Thursday, March 10, 2011

How to Become Your Partner's Best Therapist

A link to a New York Times Article, "Talk Doesn't Pay, So Psychiatry Turns Instead to Drug Therapy", was posted by Diane Solee, founder of Smart Marriages (originally the couples coalition for relationship education) on March 6. I read the article (click here to read) and then wrote to Diane to agree with her exhortation to the SmartMarriages listserv that Relationship Educators could drive a train through the hole created by the majority of the 48,000 Psychiatrists in the U.S. who have decided that talking to patients about their problems doesn't pay, so they take 15 minutes (if you're lucky) to hear about symptoms (but not why they have them or other potential solutions).

Here is the email I sent to Diane that she forwarded to the Smart Marriages listserv.

RE: PSYCHIATRISTS ABANDONING TALK THERAPY


Diane,
Amen that we can drive a Marriage Education train through this opening!

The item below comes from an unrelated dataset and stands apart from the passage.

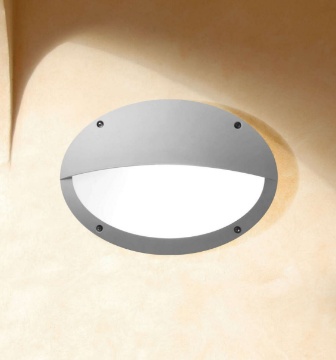 Immagine di Applique Ovale Palpebra Grigio Per Esterni IP66 Monza Top Light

Frequently we're asked by couples what they can do to help themselves outside of session. Here's our reply:

"Armed with knowledge, skills and exercises from the school of relationship education you can become each other's best therapists; you can hold each other's hearts, work through conflict in a way that builds rather than hurts your relationship, proactively build and sustain healthy closeness, learn to manage emotional and difficult conversations on your own, negotiate for shared goals and behavior changes, learn to meet each others needs, etc. We can teach you all of these things by modeling skills and exercises and then facilitate you through some practice. Once you get it, we'll be done and you can continue yourselves."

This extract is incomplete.